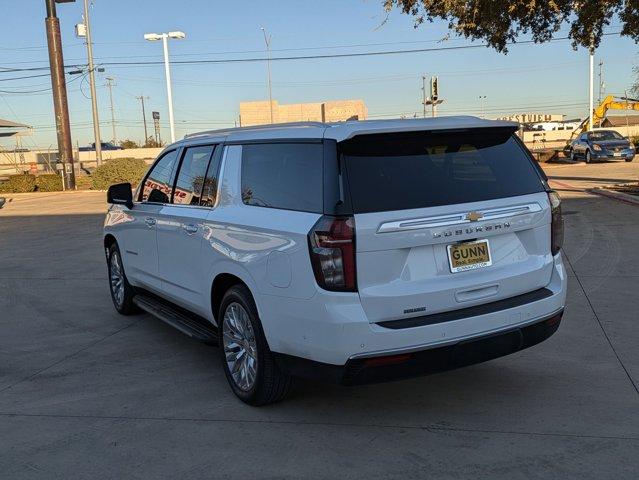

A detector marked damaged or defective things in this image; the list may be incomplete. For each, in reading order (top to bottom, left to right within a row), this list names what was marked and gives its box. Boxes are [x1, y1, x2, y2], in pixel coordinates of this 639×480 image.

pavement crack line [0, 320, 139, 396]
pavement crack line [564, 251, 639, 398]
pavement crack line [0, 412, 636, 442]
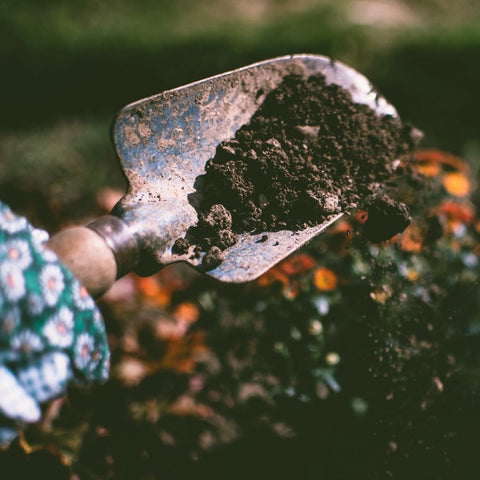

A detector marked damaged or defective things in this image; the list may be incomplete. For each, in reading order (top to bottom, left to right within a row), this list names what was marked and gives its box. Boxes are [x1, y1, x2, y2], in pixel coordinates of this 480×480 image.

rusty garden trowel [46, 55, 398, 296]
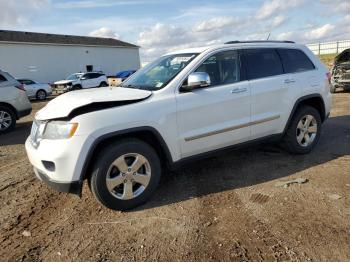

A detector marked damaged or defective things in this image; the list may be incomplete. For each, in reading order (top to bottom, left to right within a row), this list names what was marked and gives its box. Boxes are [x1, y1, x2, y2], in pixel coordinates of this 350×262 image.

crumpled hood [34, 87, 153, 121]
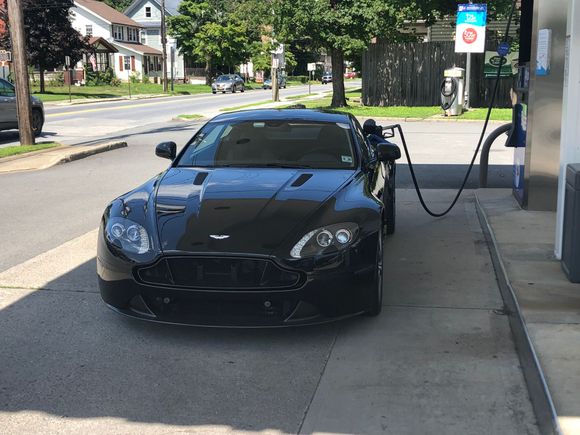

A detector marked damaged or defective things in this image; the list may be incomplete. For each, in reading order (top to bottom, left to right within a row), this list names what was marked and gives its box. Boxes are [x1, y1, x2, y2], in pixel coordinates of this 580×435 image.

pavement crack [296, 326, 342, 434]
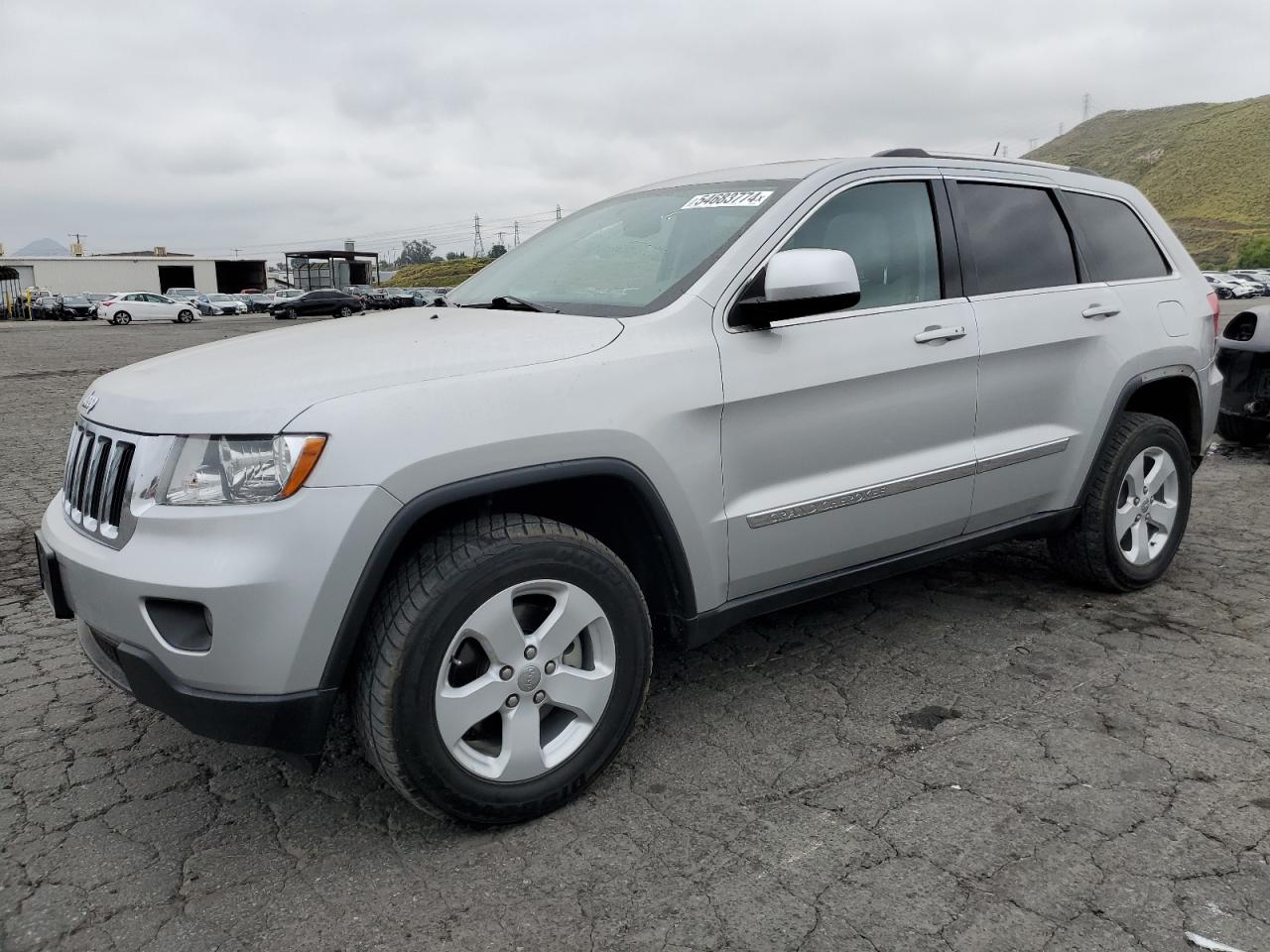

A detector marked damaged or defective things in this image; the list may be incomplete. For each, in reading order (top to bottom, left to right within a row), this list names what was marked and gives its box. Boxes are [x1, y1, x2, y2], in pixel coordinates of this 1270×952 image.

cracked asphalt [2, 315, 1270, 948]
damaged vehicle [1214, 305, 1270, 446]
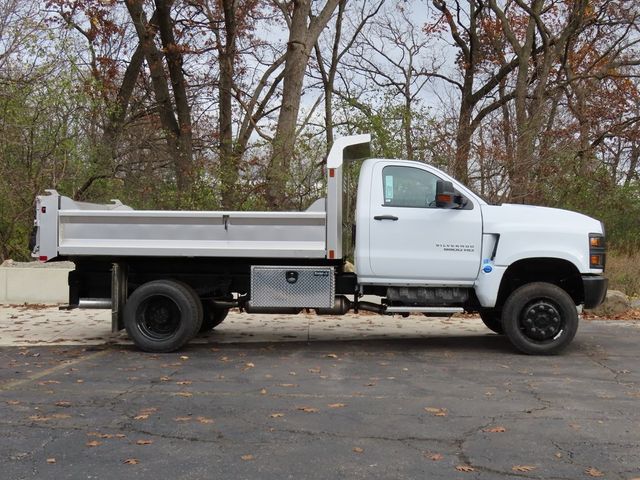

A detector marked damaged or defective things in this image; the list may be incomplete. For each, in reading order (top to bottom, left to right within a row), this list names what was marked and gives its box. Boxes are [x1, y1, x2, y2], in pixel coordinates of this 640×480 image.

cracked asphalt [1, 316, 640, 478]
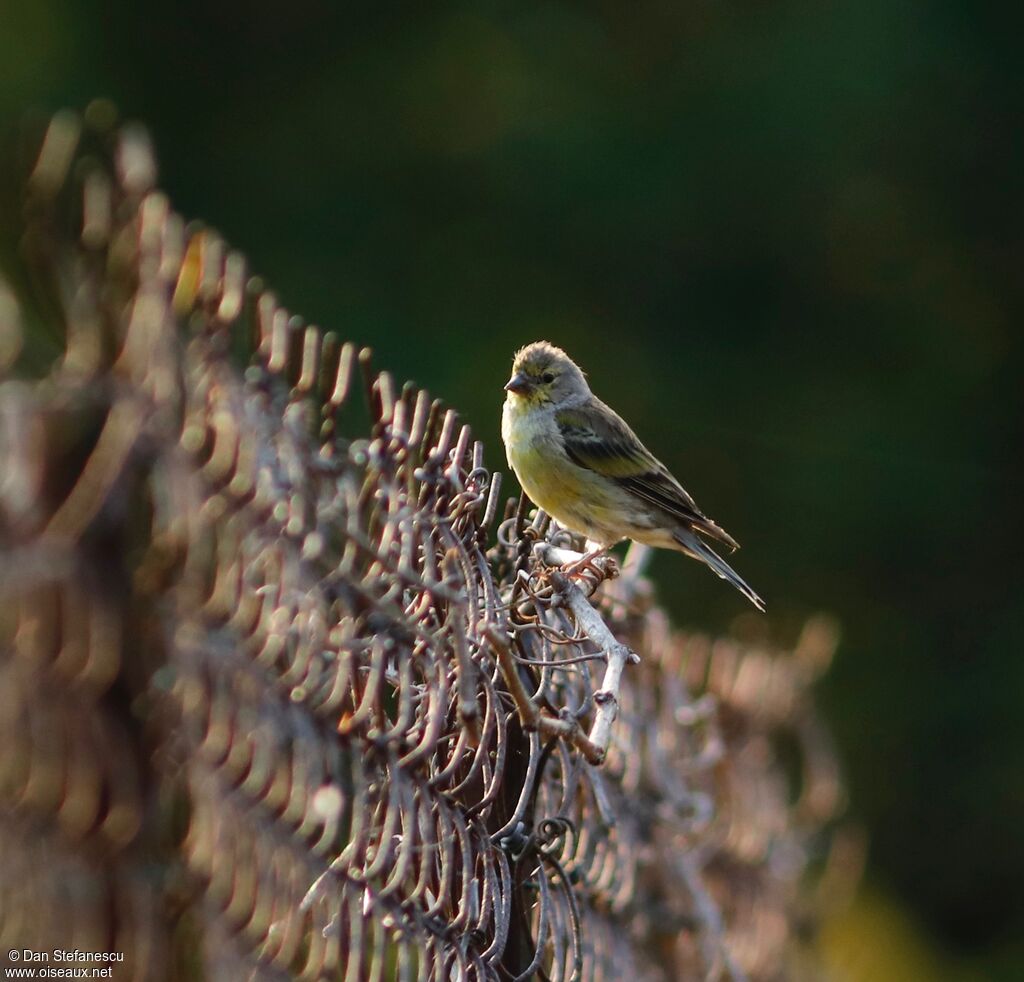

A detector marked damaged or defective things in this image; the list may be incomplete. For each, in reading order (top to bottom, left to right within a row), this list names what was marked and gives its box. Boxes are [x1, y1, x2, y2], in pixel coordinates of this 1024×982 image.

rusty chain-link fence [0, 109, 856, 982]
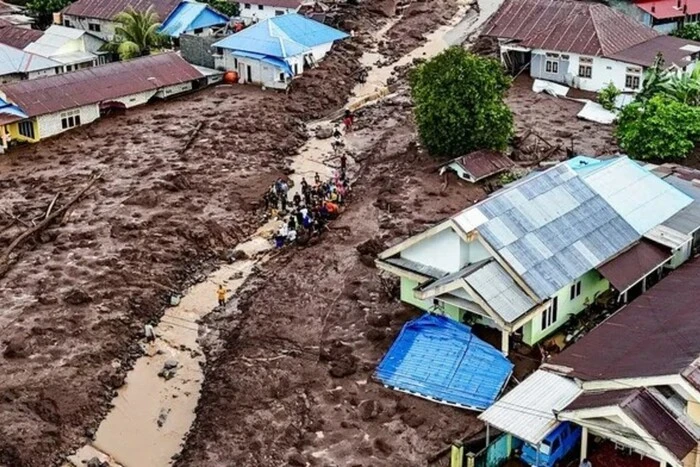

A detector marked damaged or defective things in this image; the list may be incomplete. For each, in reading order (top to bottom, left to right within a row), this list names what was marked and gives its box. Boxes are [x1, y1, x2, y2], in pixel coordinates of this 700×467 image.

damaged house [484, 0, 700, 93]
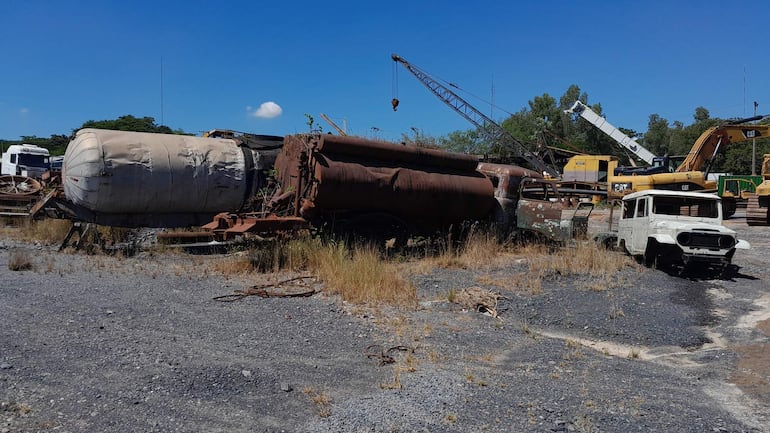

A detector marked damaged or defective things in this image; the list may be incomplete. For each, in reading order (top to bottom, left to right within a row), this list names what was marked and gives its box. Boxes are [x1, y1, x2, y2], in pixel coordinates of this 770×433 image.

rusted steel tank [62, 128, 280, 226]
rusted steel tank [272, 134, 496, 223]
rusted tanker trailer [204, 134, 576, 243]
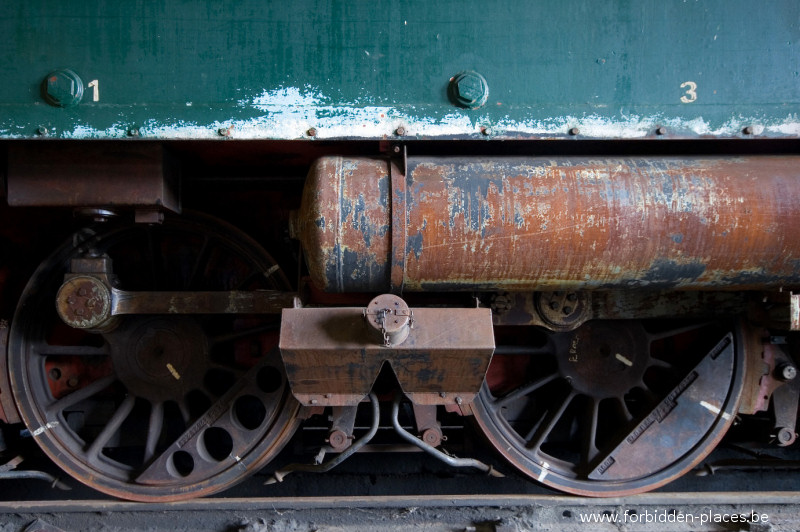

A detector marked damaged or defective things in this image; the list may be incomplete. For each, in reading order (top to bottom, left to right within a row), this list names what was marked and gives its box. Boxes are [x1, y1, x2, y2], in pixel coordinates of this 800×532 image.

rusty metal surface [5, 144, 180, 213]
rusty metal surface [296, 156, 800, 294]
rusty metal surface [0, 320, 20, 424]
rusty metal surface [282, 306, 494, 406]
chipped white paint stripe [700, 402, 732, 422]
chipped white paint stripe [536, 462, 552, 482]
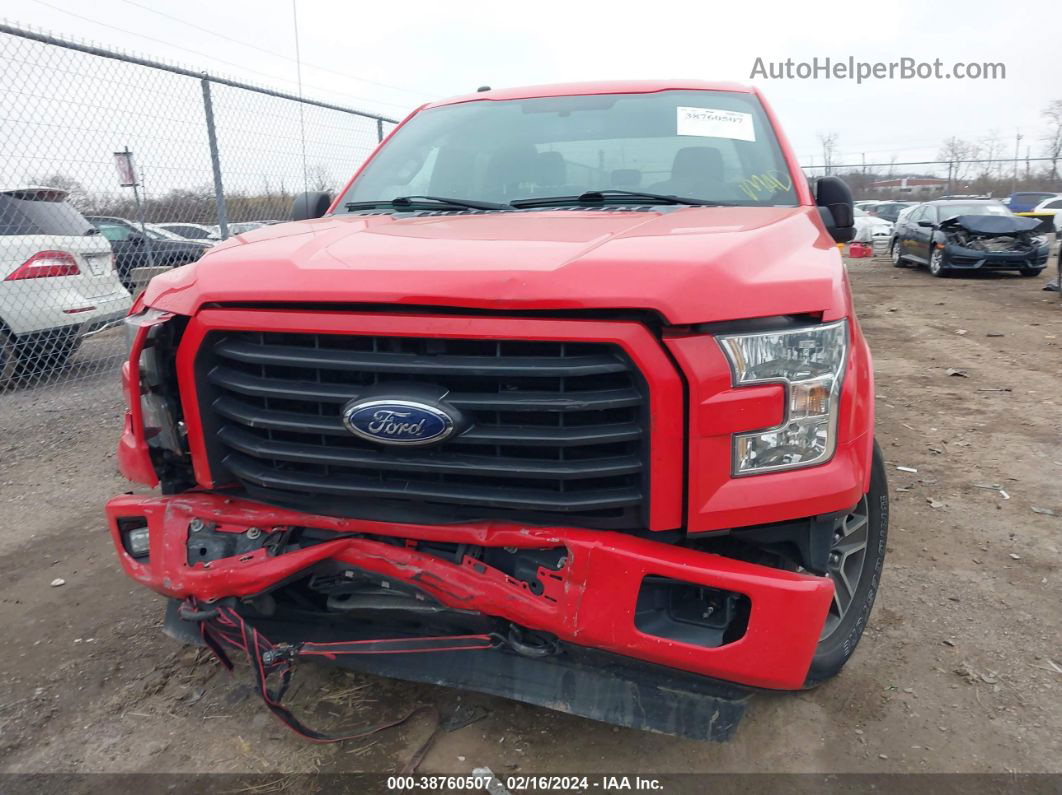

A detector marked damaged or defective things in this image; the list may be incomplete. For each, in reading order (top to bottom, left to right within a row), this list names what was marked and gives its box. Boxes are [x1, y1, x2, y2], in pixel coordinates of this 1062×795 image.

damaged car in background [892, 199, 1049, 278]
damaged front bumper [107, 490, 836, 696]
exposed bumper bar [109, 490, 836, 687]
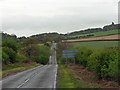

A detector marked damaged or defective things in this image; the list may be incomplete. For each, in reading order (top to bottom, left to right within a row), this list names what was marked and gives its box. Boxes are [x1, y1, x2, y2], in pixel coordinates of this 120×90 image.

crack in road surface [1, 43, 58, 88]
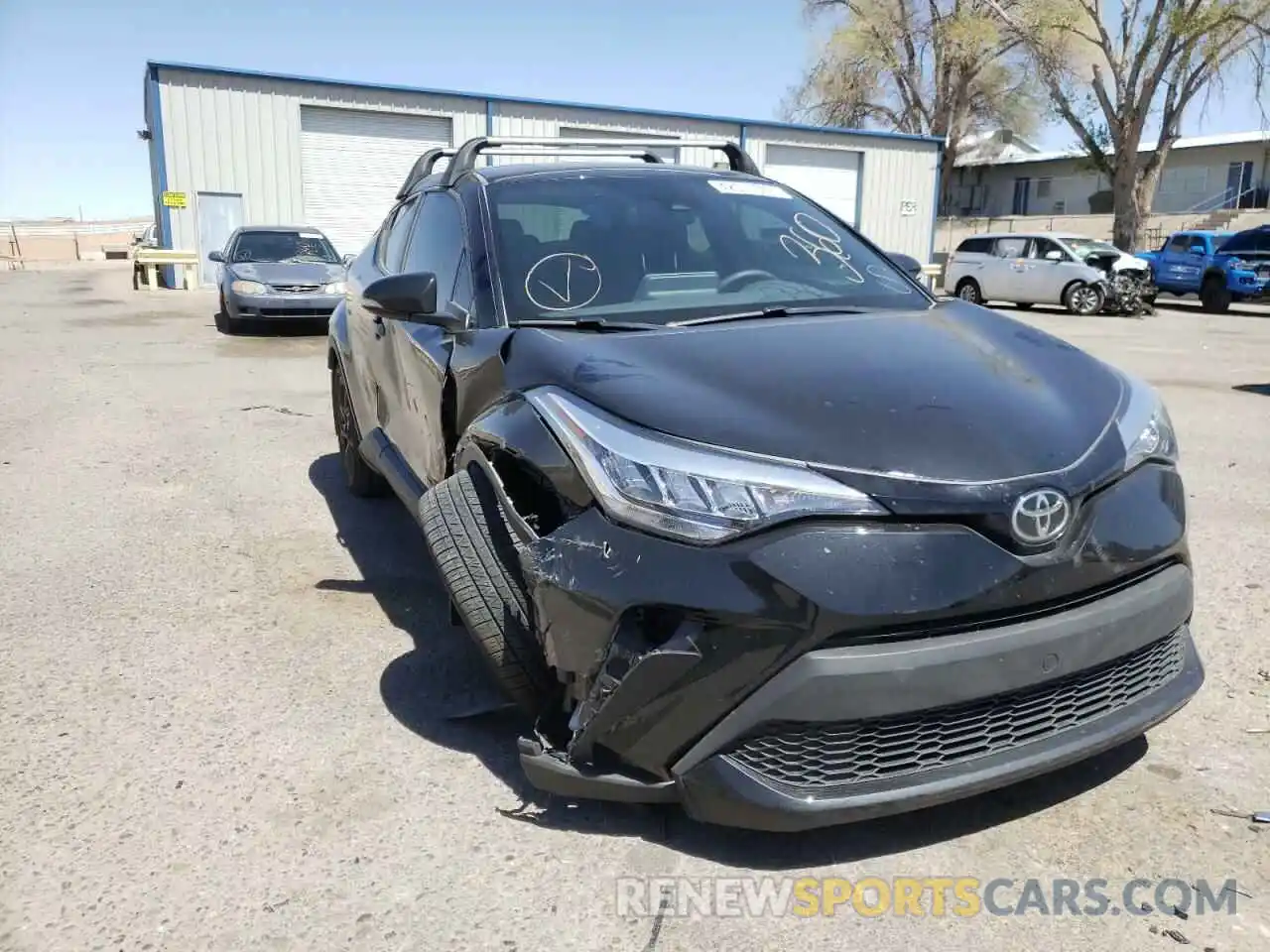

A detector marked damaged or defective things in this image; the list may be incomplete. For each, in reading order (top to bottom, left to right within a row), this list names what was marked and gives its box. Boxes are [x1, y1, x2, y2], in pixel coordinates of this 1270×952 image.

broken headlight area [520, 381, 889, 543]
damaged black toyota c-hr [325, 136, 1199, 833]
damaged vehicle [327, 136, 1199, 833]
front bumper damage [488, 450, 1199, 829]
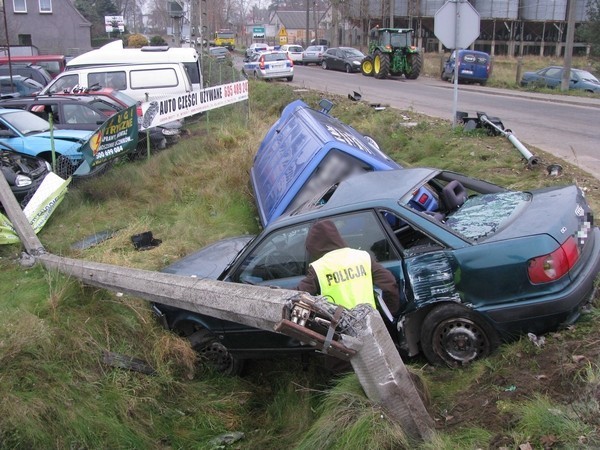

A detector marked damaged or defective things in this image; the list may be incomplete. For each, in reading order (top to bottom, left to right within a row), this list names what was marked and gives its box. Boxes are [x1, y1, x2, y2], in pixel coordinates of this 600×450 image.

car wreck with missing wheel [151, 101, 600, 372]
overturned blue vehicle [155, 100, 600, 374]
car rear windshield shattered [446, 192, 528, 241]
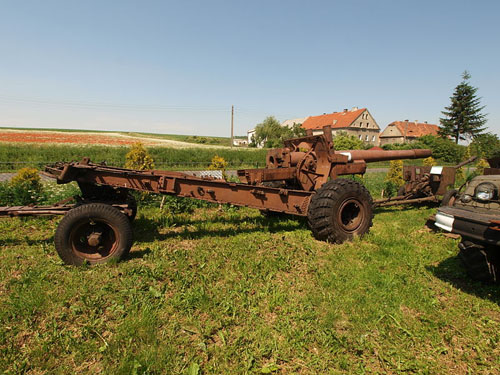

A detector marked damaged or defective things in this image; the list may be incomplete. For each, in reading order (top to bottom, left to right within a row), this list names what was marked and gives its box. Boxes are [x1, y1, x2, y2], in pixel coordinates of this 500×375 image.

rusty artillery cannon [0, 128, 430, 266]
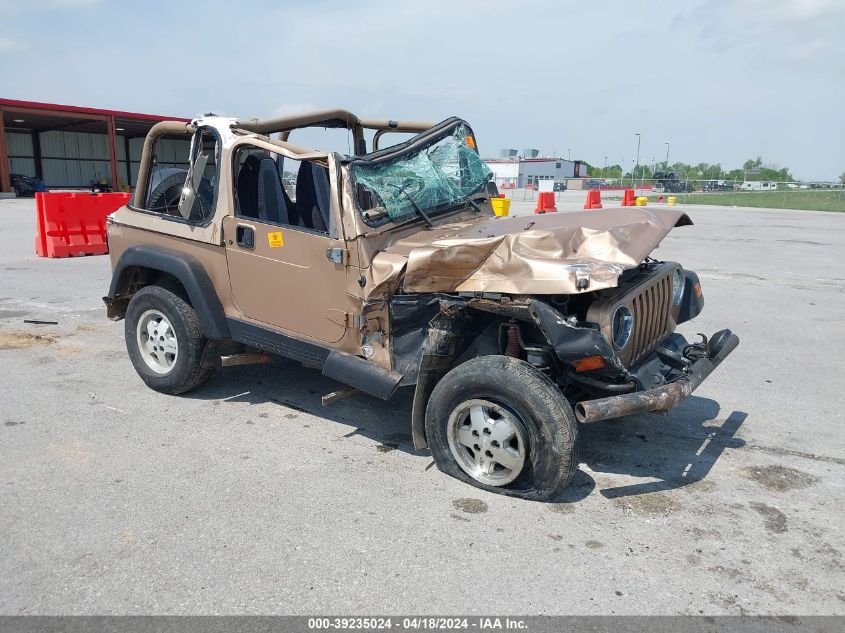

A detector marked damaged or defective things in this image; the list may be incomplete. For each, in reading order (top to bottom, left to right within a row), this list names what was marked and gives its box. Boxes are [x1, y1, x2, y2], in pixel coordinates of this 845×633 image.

━━━━━━━━━━━━━━━━

What you will do.
Final task for the records above: print exactly the lines from the one that contains "this 500×375 image." through the last line, both ends included, pictures excluded.

Response to the exercise.
A detector marked damaged or defective things in this image; the list may be incomplete. For each, in reading order (top to bottom, left to right within a row), this list names what was marked and gives its box. Boxes are [x1, y1, x2, y2], in pixel coordinates of this 500×375 image.

rusty artillery cannon [0, 128, 430, 266]

A detector marked damaged or defective things in this image; the list may be incomplete. For each, in reading order (top to bottom, left to right within a row), this list names what was marked and gives its box. Boxes are [x1, y1, x2, y2], in pixel coordinates of this 845×633 image.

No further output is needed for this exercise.